Question for DB wizards out there

I’m taking my first foray in to DB creation/use with a tool/pipeline bit I’m working on.

I’m setting up my DB via phpMyAdmin (got XAMPP because it’s what I use to run a local test of my website). Because I’d like for these skills to eventually transfer to something I can use at a company, how do you set up your users? for developing the tool for me I can just set up a user as myself and use that hard coded in, but I want to be learning how to do this right

I know this is probably DB admin 101 sort of information, but I basically have my DB rock and my SQLAlchemy rock, and i’m banging them together and saying ‘now what?’

also, thank you for the talk during GDC, Adam, since you’ll probably end up reading this eventually. Super inspiring.

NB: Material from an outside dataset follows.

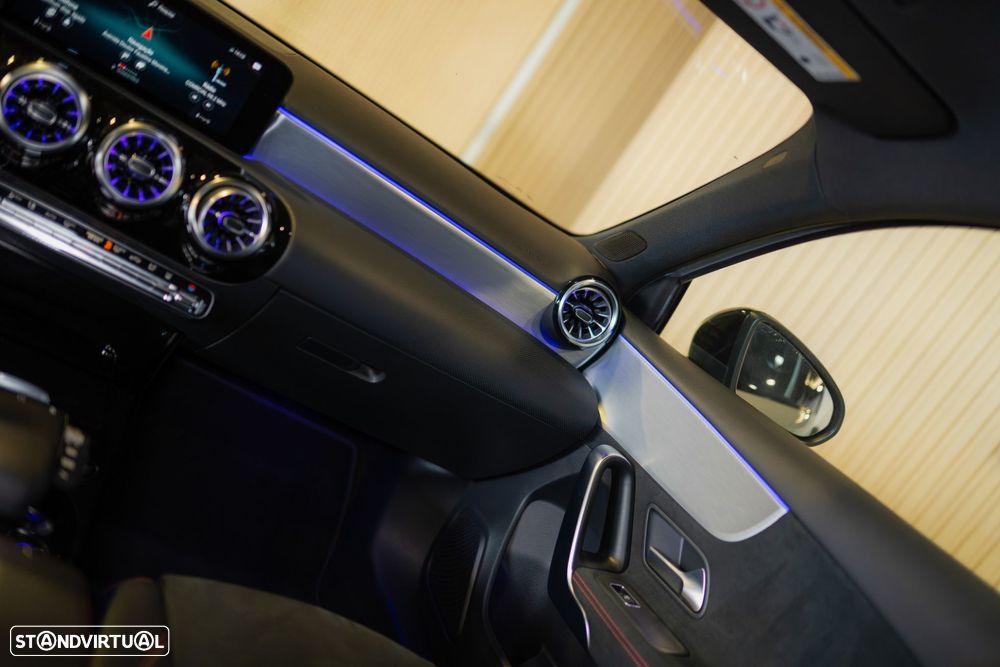 Mercedes-Benz A 250 e AMG Line - 27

do you mean like permission settings? I’m not sure what you’re asking…

okay yes…probably a little vague. Most statements below are made based on assumptions that may be wrong.

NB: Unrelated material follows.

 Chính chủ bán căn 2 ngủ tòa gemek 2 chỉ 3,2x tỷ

Basically I’m making a tool/imaginary pipeline for portfolio usage. I have an exporter from photoshop that I want to have writing information to a database (file location, map use, meta data, etc. etc.). In a company, I would have more than one person using this exporter, and, thus, I assume I’d want each person to have their own access to the DB, meaning their own username/pass.

Is setting up that access something that should/would normally fall under the purview of a tool like this? or is it safe to say “each user magically has a username/pass to the DB. They put their settings in this config file like so, and then it works for them”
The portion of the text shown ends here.